I spent the last several days in Seattle, attending the annual meeting of the American Society of Tropical Medicine and Hygiene. The meeting lasts five days and attracts about 3000 scientists and physicians. I know a few other people attending, but in the masses of humanity, we rarely encountered one another. Sessions run from 7 a.m. until 8 p.m. and cover a variety of subjects including mosquito behavior, immune responses to tropical infections, and newly important diseases like monkeypox.
Many sessions intimidate me. Though I was in training for many years, I almost always feel I am the least intelligent person in attendance. For example, in a session on malaria immunology, I knew almost nothing. There were long discussions of interferons and cytokines, pro-inflammatory and anti-inflammatory chemicals in constant balance in our bodies. Interferons and cytokines are given a letter and/or number designation (interferon 1 beta, for example) and there are dozens. In the immunology sessions, scientists discuss the complex interactions between interferons, cytokines, and infections, as easily as they talk about the weather or recount what they had for breakfast. In contract, mention the word “interferon” and my eyes glaze over. The whole field of immunology seems impossibly complex. I do not even try to learn it.
My medical knowledge is narrowly focused. Though I know a lot about a small number of things, attending this meeting makes me understand how little I know about a lot of other important matters related to malaria. Do other people in medicine and science feel like this? How about people in other professions? Lawyers, for example. Do estate planning lawyers get a glazed look in their eyes when someone mentions criminal law? Possibly. What about non-professionals? My guess is people working in these areas are more intellectually flexible. I would think that an electrician who specializes in wiring new homes might take an interest in learning how employees of the electric company repair downed power lines. But maybe not. Is the knowledge base needed to perform both home wiring and fix a downed power line narrower than the one needed to design and conduct a clinical trial and understand the immunological response to the same disease?
Though I know a lot about a small number of things, attending this meeting makes me understand how little I know about a lot of other important matters related to malaria.
At this point in my life, unless I have to or want to learn something new, I ignore it.
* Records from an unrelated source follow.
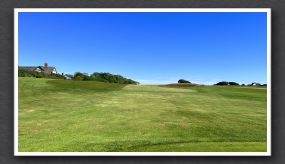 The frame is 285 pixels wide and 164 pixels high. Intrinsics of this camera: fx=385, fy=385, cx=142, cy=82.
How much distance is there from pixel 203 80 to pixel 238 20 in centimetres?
115

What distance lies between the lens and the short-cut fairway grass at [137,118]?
6.27 metres

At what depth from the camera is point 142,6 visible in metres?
6.38

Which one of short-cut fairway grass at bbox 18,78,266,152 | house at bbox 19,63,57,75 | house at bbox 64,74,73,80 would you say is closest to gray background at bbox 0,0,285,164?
short-cut fairway grass at bbox 18,78,266,152

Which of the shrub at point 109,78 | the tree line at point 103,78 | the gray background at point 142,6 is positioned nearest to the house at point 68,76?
the tree line at point 103,78

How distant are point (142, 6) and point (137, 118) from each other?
1.87 meters

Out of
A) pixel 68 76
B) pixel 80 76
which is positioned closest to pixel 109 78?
pixel 80 76

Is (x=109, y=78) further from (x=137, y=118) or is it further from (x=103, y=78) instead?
(x=137, y=118)

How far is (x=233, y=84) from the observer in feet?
21.1

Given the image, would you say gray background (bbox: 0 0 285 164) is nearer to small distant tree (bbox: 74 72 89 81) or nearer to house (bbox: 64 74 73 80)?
house (bbox: 64 74 73 80)

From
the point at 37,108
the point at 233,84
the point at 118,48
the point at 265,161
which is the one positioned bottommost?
the point at 265,161

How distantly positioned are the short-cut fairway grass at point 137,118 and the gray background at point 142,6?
0.16 meters

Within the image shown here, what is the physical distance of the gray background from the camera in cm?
625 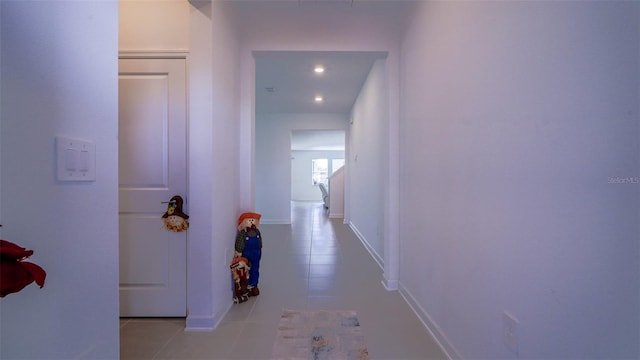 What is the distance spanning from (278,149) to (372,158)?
121 inches

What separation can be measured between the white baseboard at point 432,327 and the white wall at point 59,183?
5.46ft

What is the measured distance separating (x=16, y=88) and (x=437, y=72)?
6.51 feet

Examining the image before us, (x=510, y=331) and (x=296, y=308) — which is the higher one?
(x=510, y=331)

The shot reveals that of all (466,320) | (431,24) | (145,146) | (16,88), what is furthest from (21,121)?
(431,24)

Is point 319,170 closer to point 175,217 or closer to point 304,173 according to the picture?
point 304,173

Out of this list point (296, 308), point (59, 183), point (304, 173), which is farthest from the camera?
point (304, 173)

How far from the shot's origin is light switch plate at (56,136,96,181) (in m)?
0.74

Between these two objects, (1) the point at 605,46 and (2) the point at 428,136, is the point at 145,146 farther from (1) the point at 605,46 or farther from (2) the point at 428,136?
(1) the point at 605,46

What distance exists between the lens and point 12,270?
56 centimetres

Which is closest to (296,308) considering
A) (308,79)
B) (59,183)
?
(59,183)

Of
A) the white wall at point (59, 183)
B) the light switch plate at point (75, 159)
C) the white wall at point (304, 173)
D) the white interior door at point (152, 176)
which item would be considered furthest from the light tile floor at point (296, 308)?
the white wall at point (304, 173)

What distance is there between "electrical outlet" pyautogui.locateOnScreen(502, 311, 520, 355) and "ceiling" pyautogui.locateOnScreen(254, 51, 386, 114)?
2.32 m

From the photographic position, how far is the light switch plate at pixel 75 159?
0.74 meters

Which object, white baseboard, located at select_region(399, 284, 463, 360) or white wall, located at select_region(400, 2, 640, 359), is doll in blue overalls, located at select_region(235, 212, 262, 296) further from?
white wall, located at select_region(400, 2, 640, 359) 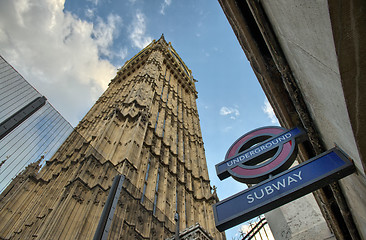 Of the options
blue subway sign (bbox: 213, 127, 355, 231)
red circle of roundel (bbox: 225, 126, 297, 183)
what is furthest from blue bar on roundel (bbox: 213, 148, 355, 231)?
red circle of roundel (bbox: 225, 126, 297, 183)

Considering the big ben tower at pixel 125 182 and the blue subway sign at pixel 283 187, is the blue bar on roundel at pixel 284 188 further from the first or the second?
the big ben tower at pixel 125 182

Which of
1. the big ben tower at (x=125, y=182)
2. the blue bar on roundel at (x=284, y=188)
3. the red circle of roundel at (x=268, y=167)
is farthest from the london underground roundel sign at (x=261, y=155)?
the big ben tower at (x=125, y=182)

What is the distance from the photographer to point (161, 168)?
2148 cm

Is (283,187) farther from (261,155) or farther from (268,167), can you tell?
(261,155)

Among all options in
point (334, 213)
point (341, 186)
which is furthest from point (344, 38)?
point (334, 213)

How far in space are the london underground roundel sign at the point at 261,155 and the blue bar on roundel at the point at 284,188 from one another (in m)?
0.31

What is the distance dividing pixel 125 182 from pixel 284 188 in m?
11.1

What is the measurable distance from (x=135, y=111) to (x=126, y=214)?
1141 centimetres

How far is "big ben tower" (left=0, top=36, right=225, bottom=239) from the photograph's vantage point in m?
11.8

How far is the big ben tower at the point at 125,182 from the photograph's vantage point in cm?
1183

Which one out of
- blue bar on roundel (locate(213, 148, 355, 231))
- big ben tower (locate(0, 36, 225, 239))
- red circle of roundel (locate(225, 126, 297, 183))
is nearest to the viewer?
blue bar on roundel (locate(213, 148, 355, 231))

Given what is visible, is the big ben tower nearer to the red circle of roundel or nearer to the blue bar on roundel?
the blue bar on roundel

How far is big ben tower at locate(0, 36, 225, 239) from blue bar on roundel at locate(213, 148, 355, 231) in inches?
74.0

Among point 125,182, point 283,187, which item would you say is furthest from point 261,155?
point 125,182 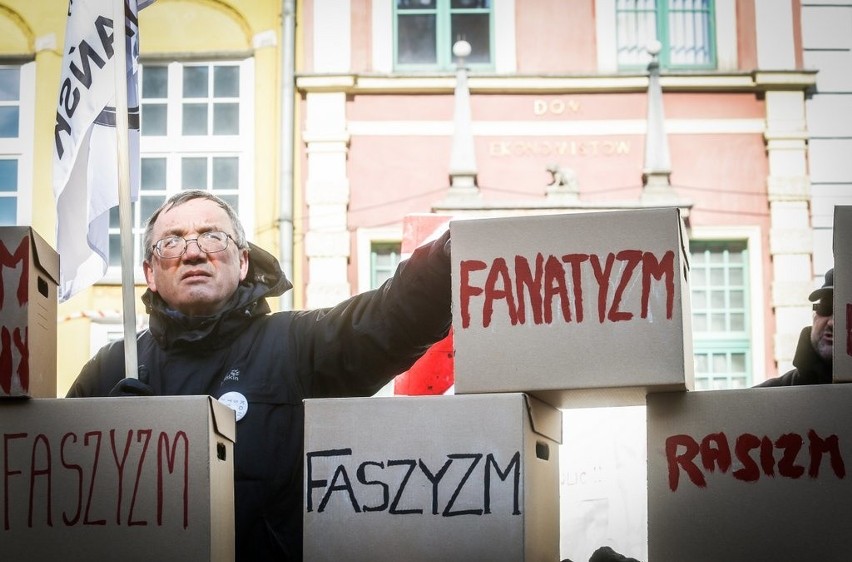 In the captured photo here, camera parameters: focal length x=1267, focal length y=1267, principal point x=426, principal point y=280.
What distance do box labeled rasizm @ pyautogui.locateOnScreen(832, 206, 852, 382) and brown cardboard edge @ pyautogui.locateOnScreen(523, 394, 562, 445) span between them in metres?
0.44

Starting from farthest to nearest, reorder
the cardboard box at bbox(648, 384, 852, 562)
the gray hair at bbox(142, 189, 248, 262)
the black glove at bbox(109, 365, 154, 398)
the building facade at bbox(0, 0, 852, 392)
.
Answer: the building facade at bbox(0, 0, 852, 392) < the gray hair at bbox(142, 189, 248, 262) < the black glove at bbox(109, 365, 154, 398) < the cardboard box at bbox(648, 384, 852, 562)

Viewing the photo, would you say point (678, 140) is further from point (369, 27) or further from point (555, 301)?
point (555, 301)

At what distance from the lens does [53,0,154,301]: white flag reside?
105 inches

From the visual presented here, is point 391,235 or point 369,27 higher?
point 369,27

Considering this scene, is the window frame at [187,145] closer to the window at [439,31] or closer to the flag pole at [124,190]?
the window at [439,31]

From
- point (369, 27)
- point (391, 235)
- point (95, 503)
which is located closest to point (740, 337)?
point (391, 235)

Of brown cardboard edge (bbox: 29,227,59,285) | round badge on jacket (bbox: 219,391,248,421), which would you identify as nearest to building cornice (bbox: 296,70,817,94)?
round badge on jacket (bbox: 219,391,248,421)

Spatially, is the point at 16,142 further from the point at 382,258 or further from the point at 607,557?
the point at 607,557

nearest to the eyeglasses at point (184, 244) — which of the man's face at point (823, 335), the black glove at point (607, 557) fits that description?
the black glove at point (607, 557)

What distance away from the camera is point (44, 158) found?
847 cm

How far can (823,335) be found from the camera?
3.16 meters

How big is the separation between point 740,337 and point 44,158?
4819mm

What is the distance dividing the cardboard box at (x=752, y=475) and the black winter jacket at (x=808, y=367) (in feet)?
4.22

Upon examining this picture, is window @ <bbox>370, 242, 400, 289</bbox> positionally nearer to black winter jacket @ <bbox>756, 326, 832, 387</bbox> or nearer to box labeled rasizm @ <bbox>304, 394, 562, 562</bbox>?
black winter jacket @ <bbox>756, 326, 832, 387</bbox> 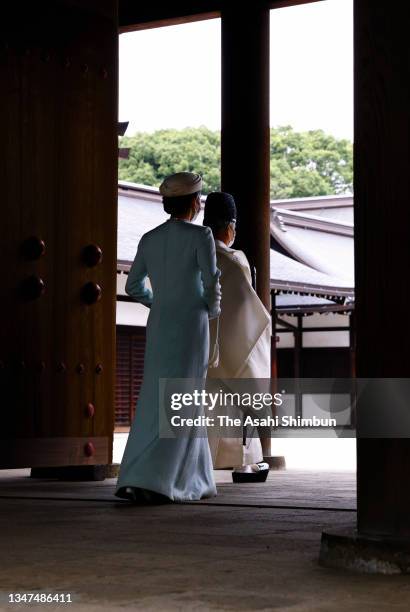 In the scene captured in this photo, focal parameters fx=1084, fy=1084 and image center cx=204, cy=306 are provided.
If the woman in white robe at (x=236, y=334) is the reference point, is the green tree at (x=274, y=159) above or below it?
above

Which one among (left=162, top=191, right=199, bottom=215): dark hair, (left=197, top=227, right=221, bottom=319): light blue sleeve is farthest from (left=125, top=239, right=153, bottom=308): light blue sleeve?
(left=197, top=227, right=221, bottom=319): light blue sleeve

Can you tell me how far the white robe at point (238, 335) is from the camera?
19.1 ft

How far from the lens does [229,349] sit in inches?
232

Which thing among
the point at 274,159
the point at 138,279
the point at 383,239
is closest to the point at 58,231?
the point at 138,279

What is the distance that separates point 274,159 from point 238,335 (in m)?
38.0

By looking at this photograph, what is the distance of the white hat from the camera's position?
15.6 feet

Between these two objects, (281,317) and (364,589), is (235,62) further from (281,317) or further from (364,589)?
(281,317)

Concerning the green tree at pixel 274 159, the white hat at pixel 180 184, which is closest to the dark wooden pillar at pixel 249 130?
the white hat at pixel 180 184

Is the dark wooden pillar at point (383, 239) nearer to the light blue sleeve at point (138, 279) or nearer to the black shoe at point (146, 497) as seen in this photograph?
the black shoe at point (146, 497)

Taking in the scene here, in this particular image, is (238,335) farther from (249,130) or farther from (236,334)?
(249,130)

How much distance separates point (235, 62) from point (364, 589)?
5.49 metres

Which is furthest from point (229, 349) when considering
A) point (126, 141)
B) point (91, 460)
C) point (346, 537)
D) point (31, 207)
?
point (126, 141)

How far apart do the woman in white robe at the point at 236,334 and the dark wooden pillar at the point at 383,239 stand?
313 cm

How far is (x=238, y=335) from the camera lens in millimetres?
5891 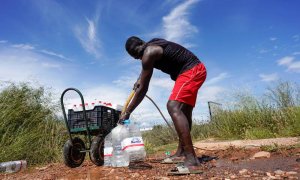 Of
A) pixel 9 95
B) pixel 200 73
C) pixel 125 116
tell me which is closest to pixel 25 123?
pixel 9 95

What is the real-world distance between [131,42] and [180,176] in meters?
2.10

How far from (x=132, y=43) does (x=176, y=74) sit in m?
0.81

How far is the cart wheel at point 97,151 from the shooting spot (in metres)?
6.15

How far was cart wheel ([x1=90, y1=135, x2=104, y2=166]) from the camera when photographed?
6.15 m

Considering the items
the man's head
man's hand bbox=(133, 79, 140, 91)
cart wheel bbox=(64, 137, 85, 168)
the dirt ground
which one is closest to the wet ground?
the dirt ground

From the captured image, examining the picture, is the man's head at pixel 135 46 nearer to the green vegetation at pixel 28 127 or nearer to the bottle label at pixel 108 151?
the bottle label at pixel 108 151

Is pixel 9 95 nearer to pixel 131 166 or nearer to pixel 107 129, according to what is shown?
pixel 107 129

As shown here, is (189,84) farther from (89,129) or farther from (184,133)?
(89,129)

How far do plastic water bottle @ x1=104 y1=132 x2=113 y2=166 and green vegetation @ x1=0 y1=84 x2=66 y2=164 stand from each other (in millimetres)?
3331

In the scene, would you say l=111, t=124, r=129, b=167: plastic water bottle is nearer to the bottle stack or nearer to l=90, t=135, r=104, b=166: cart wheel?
the bottle stack

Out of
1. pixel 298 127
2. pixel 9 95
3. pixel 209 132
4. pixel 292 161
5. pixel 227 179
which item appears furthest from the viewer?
pixel 209 132

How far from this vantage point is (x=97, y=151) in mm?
6219

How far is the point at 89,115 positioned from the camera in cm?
630

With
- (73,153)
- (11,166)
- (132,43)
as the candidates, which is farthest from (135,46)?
(11,166) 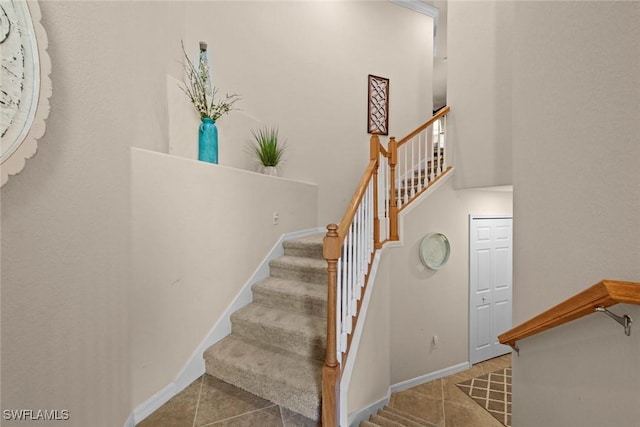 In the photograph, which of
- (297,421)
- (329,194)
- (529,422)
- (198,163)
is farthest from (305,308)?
(329,194)

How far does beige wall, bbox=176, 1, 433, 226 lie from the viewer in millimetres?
3146

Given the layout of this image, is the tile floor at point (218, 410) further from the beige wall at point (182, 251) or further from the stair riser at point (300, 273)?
the stair riser at point (300, 273)

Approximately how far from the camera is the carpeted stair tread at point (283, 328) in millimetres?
1901

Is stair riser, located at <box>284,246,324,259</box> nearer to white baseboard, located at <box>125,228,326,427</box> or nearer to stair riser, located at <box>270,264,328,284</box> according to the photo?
white baseboard, located at <box>125,228,326,427</box>

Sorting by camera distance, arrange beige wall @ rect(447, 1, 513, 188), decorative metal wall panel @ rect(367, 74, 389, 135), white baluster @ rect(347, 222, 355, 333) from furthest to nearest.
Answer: decorative metal wall panel @ rect(367, 74, 389, 135), beige wall @ rect(447, 1, 513, 188), white baluster @ rect(347, 222, 355, 333)

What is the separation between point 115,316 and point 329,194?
289 cm

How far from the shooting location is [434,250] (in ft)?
10.7

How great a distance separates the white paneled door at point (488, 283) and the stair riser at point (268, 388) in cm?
281

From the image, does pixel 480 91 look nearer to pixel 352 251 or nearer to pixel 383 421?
pixel 352 251

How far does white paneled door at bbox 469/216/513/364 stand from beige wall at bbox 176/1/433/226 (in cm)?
186

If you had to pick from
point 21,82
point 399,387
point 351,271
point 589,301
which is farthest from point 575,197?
point 399,387

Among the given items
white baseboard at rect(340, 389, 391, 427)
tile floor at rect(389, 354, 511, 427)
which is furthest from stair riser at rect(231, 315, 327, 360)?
tile floor at rect(389, 354, 511, 427)

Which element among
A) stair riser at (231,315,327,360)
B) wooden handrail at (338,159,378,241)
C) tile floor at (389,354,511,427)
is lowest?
tile floor at (389,354,511,427)

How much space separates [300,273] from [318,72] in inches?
110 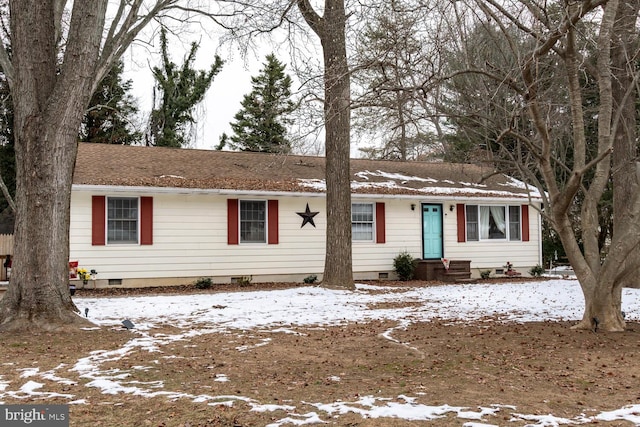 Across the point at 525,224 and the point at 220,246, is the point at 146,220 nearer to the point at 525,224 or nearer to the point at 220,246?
the point at 220,246

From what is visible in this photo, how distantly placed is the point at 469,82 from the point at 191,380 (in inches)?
281

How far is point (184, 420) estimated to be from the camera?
4160 mm

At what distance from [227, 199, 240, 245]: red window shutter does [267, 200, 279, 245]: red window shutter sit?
3.02ft

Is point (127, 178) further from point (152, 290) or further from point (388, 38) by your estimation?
point (388, 38)

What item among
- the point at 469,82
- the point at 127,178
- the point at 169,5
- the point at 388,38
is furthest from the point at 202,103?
the point at 388,38

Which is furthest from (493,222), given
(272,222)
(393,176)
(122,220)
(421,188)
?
(122,220)

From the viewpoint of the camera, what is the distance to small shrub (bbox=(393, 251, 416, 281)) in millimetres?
16922

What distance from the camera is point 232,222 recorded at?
15.3 meters

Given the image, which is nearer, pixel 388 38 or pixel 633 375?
pixel 633 375

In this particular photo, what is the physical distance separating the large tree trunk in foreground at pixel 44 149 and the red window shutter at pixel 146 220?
5932 mm

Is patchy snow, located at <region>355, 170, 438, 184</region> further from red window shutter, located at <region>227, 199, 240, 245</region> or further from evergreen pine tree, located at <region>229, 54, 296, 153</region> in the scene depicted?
evergreen pine tree, located at <region>229, 54, 296, 153</region>

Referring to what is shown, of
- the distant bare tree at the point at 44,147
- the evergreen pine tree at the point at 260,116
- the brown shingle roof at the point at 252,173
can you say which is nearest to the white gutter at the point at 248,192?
the brown shingle roof at the point at 252,173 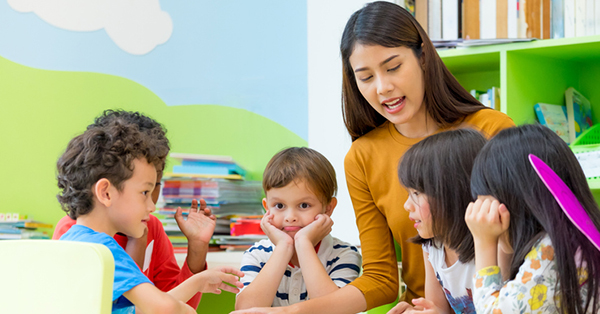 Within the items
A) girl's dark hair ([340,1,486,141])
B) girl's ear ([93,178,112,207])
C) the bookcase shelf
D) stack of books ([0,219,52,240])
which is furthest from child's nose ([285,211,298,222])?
stack of books ([0,219,52,240])

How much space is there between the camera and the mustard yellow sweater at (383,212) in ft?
4.75

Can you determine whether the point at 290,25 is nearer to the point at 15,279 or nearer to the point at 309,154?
the point at 309,154

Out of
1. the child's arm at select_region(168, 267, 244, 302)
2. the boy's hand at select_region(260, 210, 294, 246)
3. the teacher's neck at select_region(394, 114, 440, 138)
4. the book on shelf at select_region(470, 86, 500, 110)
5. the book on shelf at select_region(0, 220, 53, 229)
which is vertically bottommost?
the book on shelf at select_region(0, 220, 53, 229)

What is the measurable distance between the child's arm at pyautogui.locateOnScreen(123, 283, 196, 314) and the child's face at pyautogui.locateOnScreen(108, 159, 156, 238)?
0.79 feet

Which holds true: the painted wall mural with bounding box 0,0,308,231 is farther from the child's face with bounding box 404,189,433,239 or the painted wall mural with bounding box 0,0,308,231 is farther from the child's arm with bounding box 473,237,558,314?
the child's arm with bounding box 473,237,558,314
I used to love to learn new things just to be a more well-rounded person, things like geology or minutiae about baroque opera. I suppose immunology does not make the cut of things I both need to and want to know learn about. Rather than beat myself up about this, I need to accept the fact that I simply will never learn this area of science. And since acceptance is on the path to happiness, perhaps it is better to think this way in all aspects of my life. Ignorance has made me unhappy. If I can accept my ignorance, my guess is it will lead to bliss.